15 avril: Ryan Roth, de SpiderTech-C10, surprend certains des meilleurs coureurs français en remportant le Tro Bro Léon, course d'un jour disputée en partie sur des routes de gravier en Bretagne. Son coéquipier Guillaume Boivin l'accompagne sur la troisième marche du podium.

14 et 15 mai: David Boily porte le maillot de meilleur grimpeur pendant deux jours au Tour de Californie.

27 mai: Ryder Hesjedal gagne le Giro d'Italie, devenant le premier cycliste canadien à s'imposer dans l'un des trois grands Tours. Il surpasse ainsi l'exploit de Steve Bauer, qui a porté le maillot jaune au Tour de France durant 14 jours en 1988 et 1990. Fait exceptionnel, trois autres Canadiens ont pris part au Giro: Dominique Rollin, Svein Tuft et Christian Meier, ce qui représente une première.

17 juin: Le vétéran Bruno Langlois enlève la dernière étape du Tour de Beauce. Hugo Houle, 21 ans, prend le deuxième rang classement général final.

11 août: Svein Tuft remporte le contre-la-montre pour prendre la tête du Eneco Tour, une course par étapes aux Pays-Bas et en Belgique qu'il terminera au septième rang.

18 août: David Veilleux s'impose en solitaire aux Trois Vallées Varésines, une prestigieuse classique italienne créée en 1919. Il résiste au retour du champion italien Giovanni Visconti dans le circuit final très accidenté.

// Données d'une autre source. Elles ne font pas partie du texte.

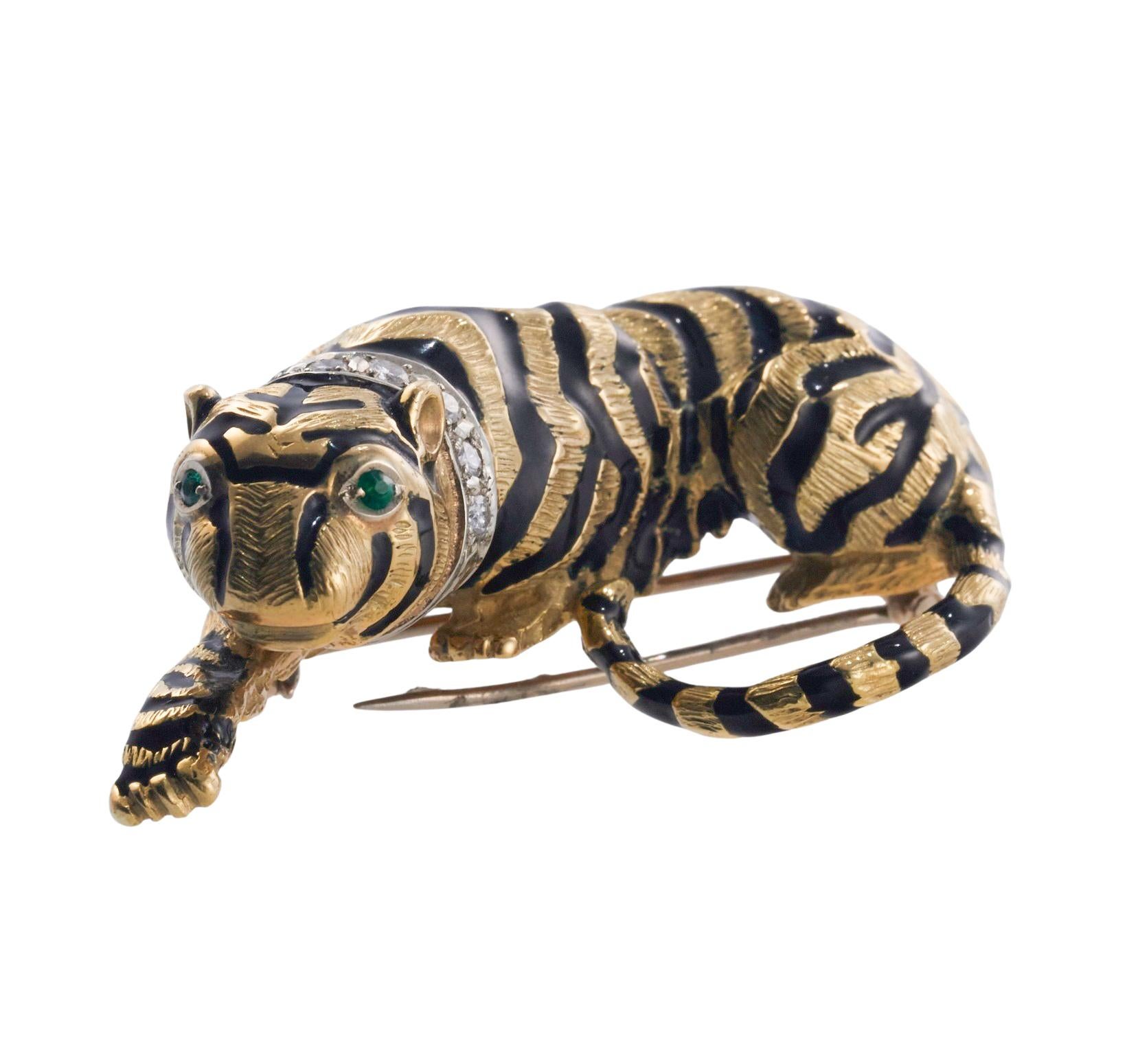 Diamond Emerald Enamel Gold Crouching Tiger Brooch For Sale at 1stDibs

Au palmarès, le coureur de Cap-Rouge succède à de grands noms tels Davide Rebellin, Stefano Garzelli, Danilo Di Luca et Claudio Chiappucci. À noter la quatrième place de François Parisien, qui a raté la première moitié de saison en raison d'une blessure à un genou.

1er septembre: Boivin se classe septième de la World Ports Classic, un nouveau diptyque belgo-néerlandais regroupant plusieurs des meilleurs sprinters de la planète. En février, il a fini deuxième de la deuxième étape du Tour méditerranéen.

Mai et août-septembre: Rollin participe successivement au Giro et à la Vuelta, les deux plus grandes courses par étapes de trois semaines après le Tourde France.